A Ghazal for Black Boys
by Rosalind Guy
There’s never enough space on my phone to hold all the photos
of the little black boys I’ve loved, those who are dead and those living.
We carry so much history in our lips and our bones that it curves
the spine, makes us love too hard black boys we want to keep alive.
In the tradition of my mother and grandmother, I’ve tried planting
flowers, a garden, but only the morning glory flowers manage to keep living.
My uncle once killed a man over space once made for loving in the arms
of his girl; he languished in concrete cells, stopped knowing joy, was barely living.
Bullets shatter our boys’ bodies and the watchers, aroused, smile
like gaslit fools when reporters tell half-stories of their limited living.
My dearest Kingston, Tyshawn, Ta’Shun, Tyquan, Trayvon, Michael, Tamir...

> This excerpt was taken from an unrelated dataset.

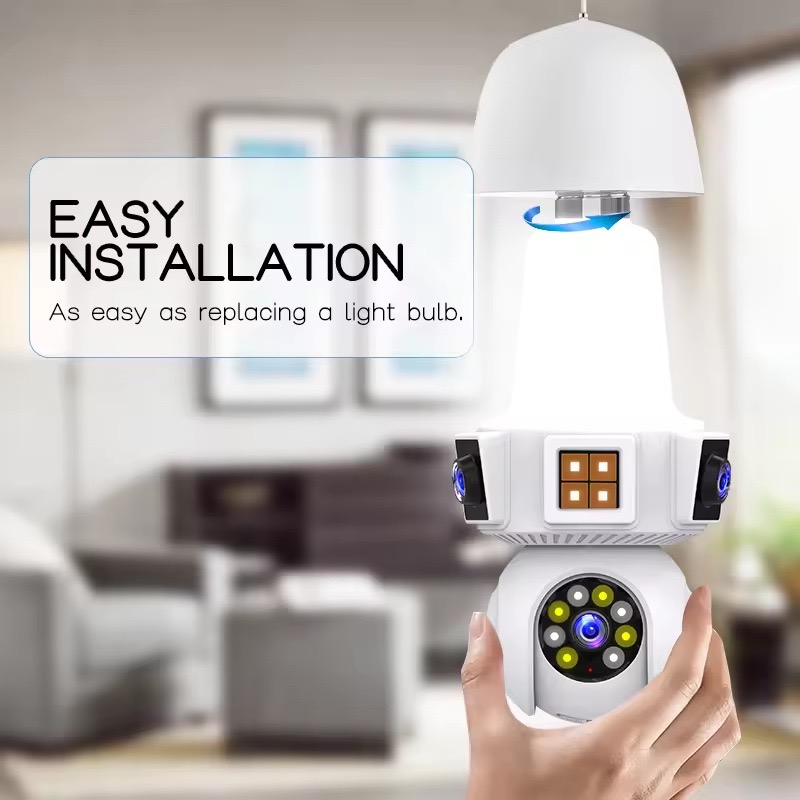 6MP V380pro APP Dual Lens Full - Baby Monitor Split Screen avis et prix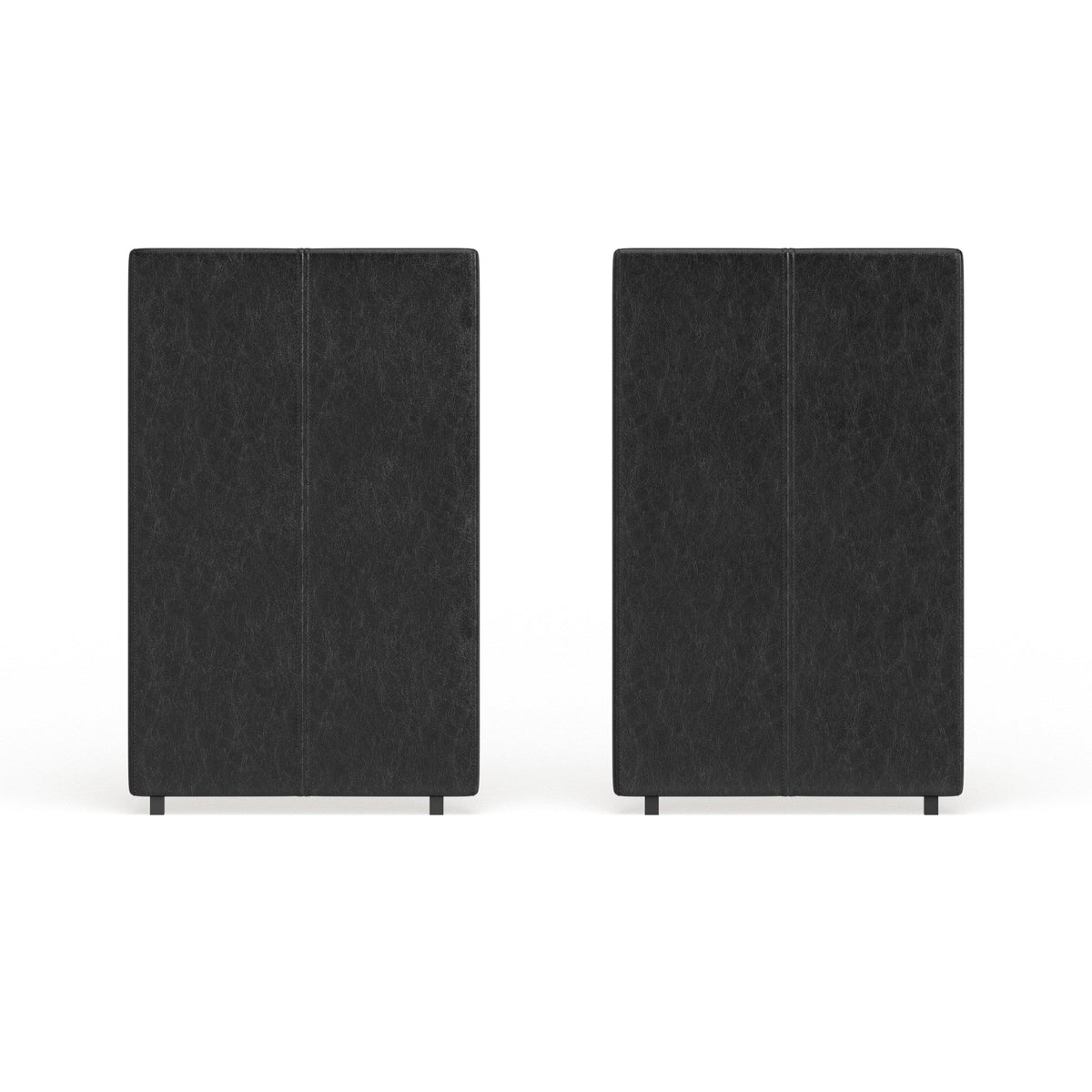 White Traditional Headboard Panels Set of 2 J24183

we will refuse to romanticize your memory and continue to carve spaces for living.
I started writing a version of this poem a few years ago, after a young black boy was murdered in the back seat of his mother’s car. The car was stolen while she was inside the store; he had been asleep in the back seat. Another senseless killing, which rightly inspires outrage. But I found that I felt something else, too: a desperate and clinging grief. Then a young black pre-teen committed suicide after experiencing homophobic bullying from his classmates. And the feeling was there again. Not a new feeling, but a heavier version of the original feeling. With each new death of a black boy that I read about, the feeling continued to grow. The poem went through several iterations as I tried to find the right container to hold what I needed to say. In the end, the ghazal felt like the right form because I was forced to trim until I was left with the poem as it appears now: a form that leaves room for documenting grief experiences without exploiting other people’s pain and simultaneously leaving room for the reader to exist in the space of the poem and feel.
Rosalind Guy is a high school English teacher. She recently received an MFA from the University of Memphis. Her poems and essays have appeared or will appear in African Voices, Juke Joint, Glass Poetry Journal: Poets Resist, and Georgia Review.